Four barriers to Blogging, by Ian Gray, suggests that Perfectionism and Procrastination are two major reasons why people don’t blog. My thinking is that the Perfectionism is the major one: many people believe that they have nothing to offer or that others know more than them and therefore their contributions would be of lesser value. I would like to encourage people to re-think their attitude if Perfectionism is hindering their involvement. I have mentioned this short clip before “Obvious to you. Amazing to others” but it remains relevant .
Are you holding back because you think you have nothing worthwhile to share? If so, I would like you to re-consider, think about how you happily read other people’s posts and how ideas and fears resonate with you. In my experience, the benefits gained from putting yourself out there far outweigh the nervous apprehension felt when your mouse hovers over the PUBLISH button. I admit that blogging is a risky experience but so too are most learning opportunities!
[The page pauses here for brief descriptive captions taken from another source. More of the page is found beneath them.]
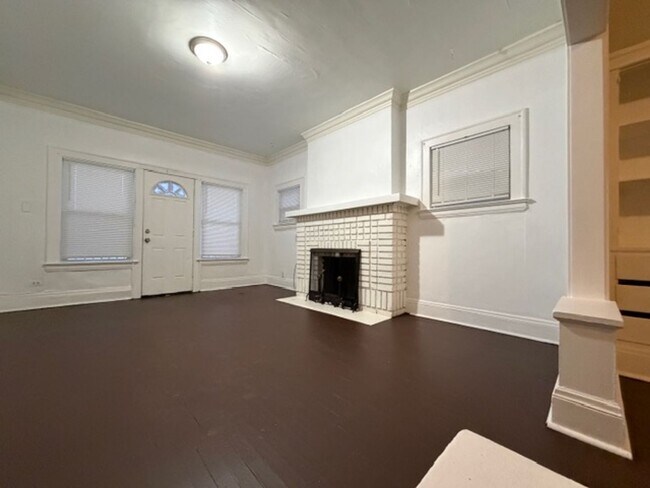 Photo - 9807 Easton Ave Unidad DN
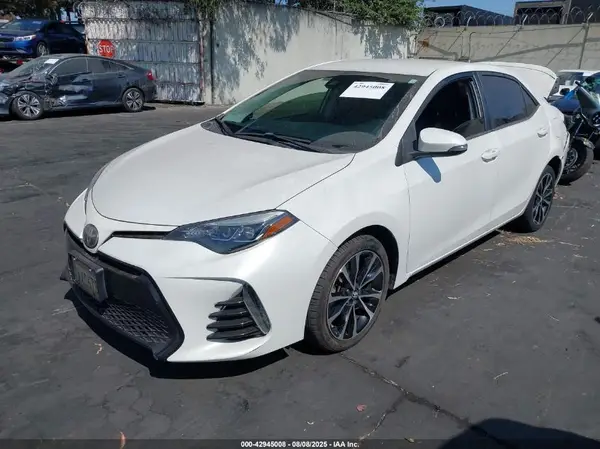5YFBURHE1HP592513 2017 TOYOTA COROLLA - Image 2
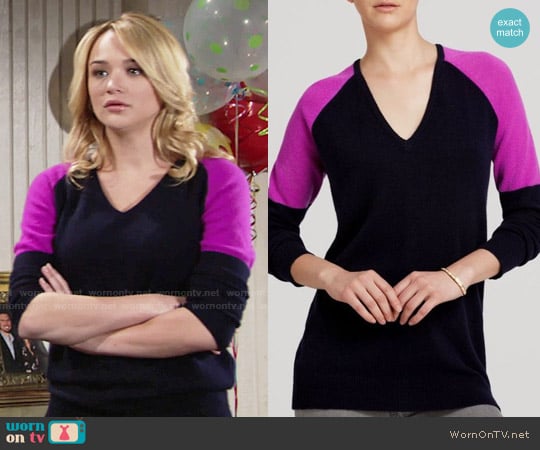 Aqua Colorblock V-neck Cashmere Sweater in Peacoat/Orchid worn by Summer Newman (Hunter King) on The Young & the Restless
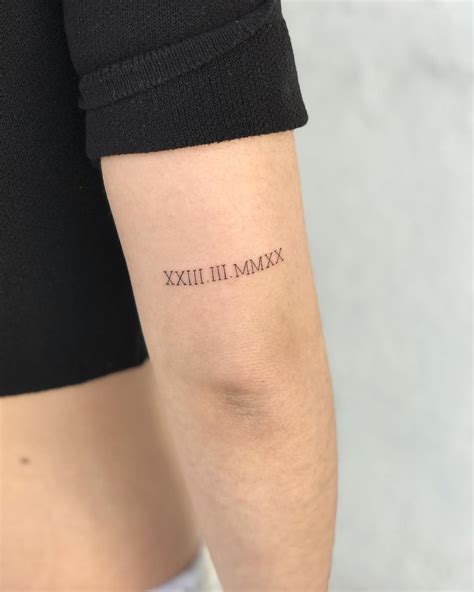 data de nascimento em números romanos tatuagem  Os números representam muito para o homem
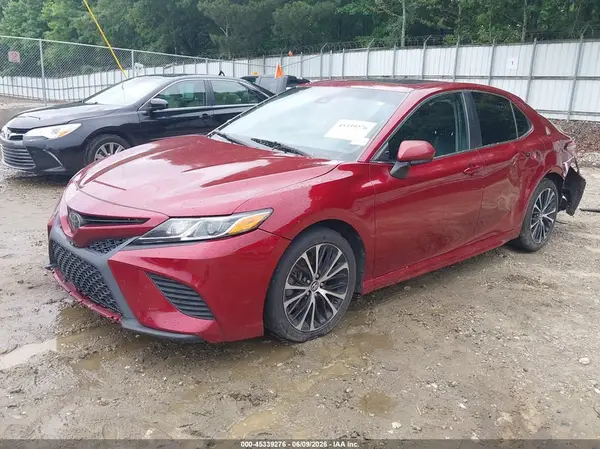 4T1B11HK3JU652389 2018 TOYOTA CAMRY - Image 2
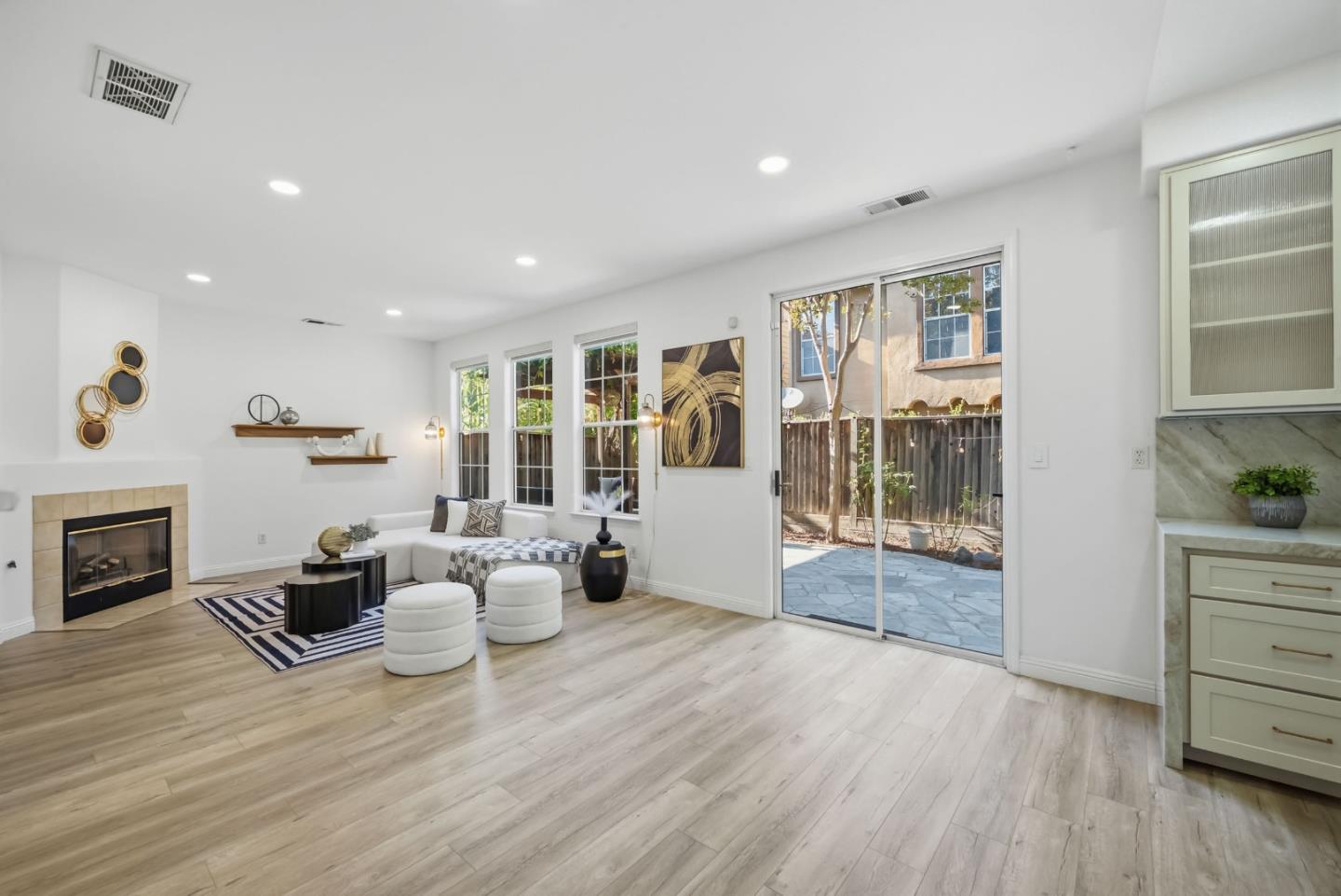 945 Desmet DR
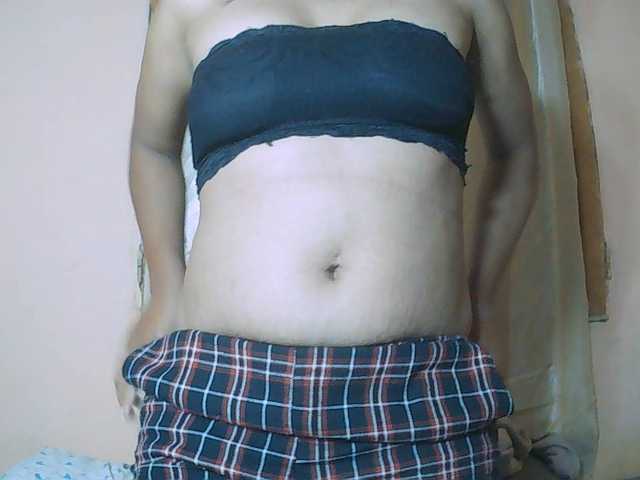 Rsylvia1 live cam on BongaCams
“Nothing spectacular just my ordinary thoughts” – Derek Sivers
If you are new to blogging I congratulate you and suggest you persist, find a purpose (ETMOOC for example) and blog away. Don’t be deterred by a lack of comments as sadly there is only a very small number of people who read and actually comment despite enjoying what they read! If you are an experienced blogger perhaps you could add to the conversation? Why do you blog?